Supplied material:
★ ★ ★ ★ ★ ★ ★

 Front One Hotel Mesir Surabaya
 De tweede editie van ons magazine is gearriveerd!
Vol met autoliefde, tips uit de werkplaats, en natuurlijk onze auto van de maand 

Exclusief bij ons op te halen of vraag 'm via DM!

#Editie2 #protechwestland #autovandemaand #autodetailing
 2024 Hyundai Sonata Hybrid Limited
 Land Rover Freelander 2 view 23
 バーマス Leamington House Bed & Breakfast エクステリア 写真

★ ★ ★ ★ ★ ★ ★

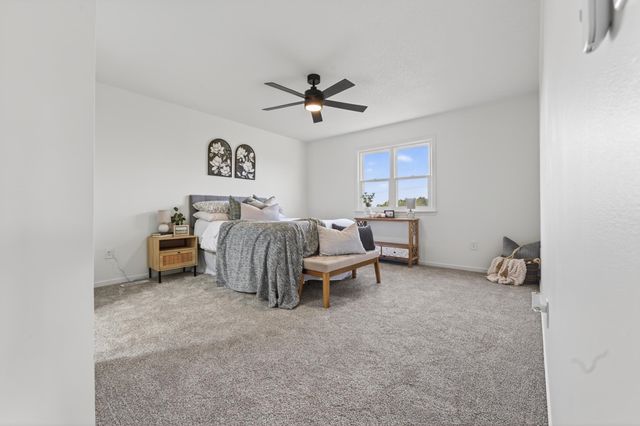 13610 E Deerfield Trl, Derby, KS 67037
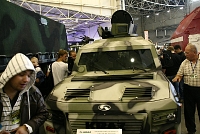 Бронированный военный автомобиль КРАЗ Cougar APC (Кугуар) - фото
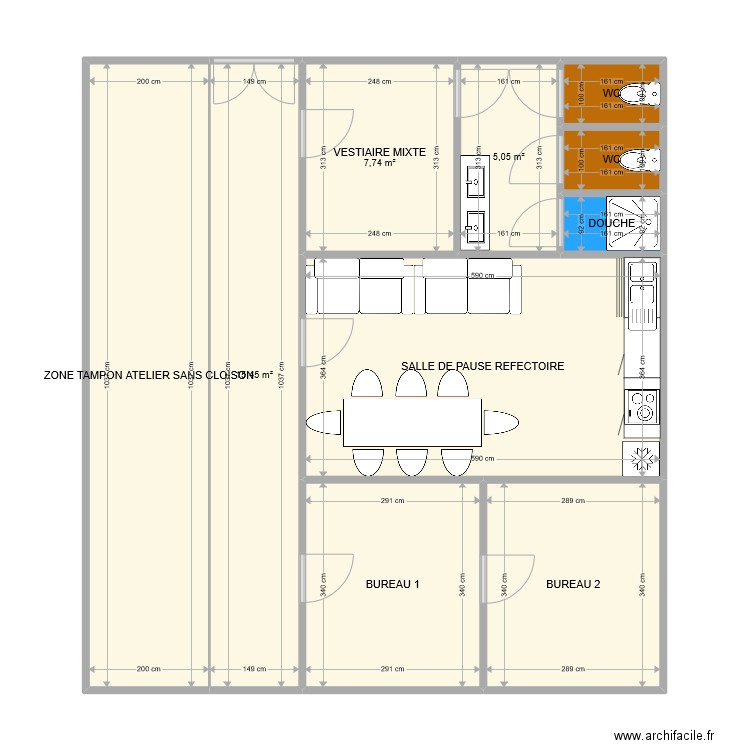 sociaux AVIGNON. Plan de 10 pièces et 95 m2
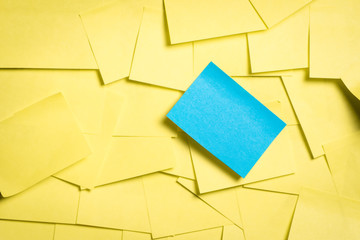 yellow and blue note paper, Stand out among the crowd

★ ★ ★ ★ ★ ★ ★

How to complete this task:
Look through the data above and return exactly the lines from the one that contains "2024 Hyundai Sonata Hybrid Limited" to the one that contains "バーマス Leamington House", inclusive, with nothing else.

Result of this task:
 2024 Hyundai Sonata Hybrid Limited
 Land Rover Freelander 2 view 23
 バーマス Leamington House Bed & Breakfast エクステリア 写真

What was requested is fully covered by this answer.